We have developed a technique to test protein-protein interactions in plant. A yellow fluorescent protein (YFP) is split into two non-overlapping fragments. Each fragment is cloned in-frame to a gene of interest via Gateway system, enabling expression of fusion proteins. Reconstitution of YFP signal only occurs when the inquest proteins interact.
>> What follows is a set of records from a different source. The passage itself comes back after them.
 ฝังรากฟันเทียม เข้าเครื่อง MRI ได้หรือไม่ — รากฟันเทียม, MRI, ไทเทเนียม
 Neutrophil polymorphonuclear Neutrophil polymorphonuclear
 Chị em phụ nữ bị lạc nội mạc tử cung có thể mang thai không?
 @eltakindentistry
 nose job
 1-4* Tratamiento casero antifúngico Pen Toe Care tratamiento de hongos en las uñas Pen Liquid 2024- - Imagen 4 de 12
We have developed a BiFC technique to test the interaction between two proteins in vivo. This is accomplished by splitting a yellow fluorescent protein (YFP) into two non-overlapping fragments. Each fragment is cloned in-frame to a gene of interest. These constructs can then be co-transformed into Nicotiana benthamiana via Agrobacterium mediated transformation, allowing the transit expression of fusion proteins. The reconstitution of YFP signal only occurs when the inquest proteins interact 1-7. To test and validate the protein-protein interactions, BiFC can be used together with yeast two hybrid (Y2H) assay. This may detect indirect interactions which can be overlooked in the Y2H. Gateway technology is a universal platform that enables researchers to shuttle the gene of interest (GOI) into as many expression and functional analysis systems as possible8,9. Both the orientation and reading frame can be maintained without using restriction enzymes or ligation to make expression-ready clones. As a result, one can eliminate all the re-sequencing steps to ensure consistent results throughout the experiments. We have created a series of Gateway compatible BiFC and Y2H vectors which provide researchers with easy-to-use tools to perform both BiFC and Y2H assays10. Here, we demonstrate the ease of using our BiFC system to test protein-protein interactions in N. benthamiana plants.
1. Preparation of Agrobacterium culture
2. Infiltration
3. Observation of the reconstituted YFP signal
4. Representative Results:
An example of protein-protein interaction tested by BiFC assay is shown in Figure 1. AtTHP1 and AtSAC3A are believed to be components of the Arabidopsis homolog of yeast TREX-2 complex. They can interact with a nuclearporin AtNUP1 and facilitate mRNA export10. AtTHP1 and AtSAC3A were cloned into pEarlyGate201-YC while AtNUP1 was cloned into pEarlyGate202-YN. The constructs were subsequently transformed into GV3101. The three constructs were paired up with 3 possible combinations (AtTHP1+AtNUP1; AtTHP1+AtSAC3A; AtNUP1+AtSAC3A) for infiltration. The reconstituted YFP signal was observed under a LCSM 48 hours after infiltration. The signals were observed in the epidermal cells and localized in the nuclear periphery or nuclear plasma, which is consistent with the sub-cellular localization of these proteins. The negative controls did not show any YFP signal.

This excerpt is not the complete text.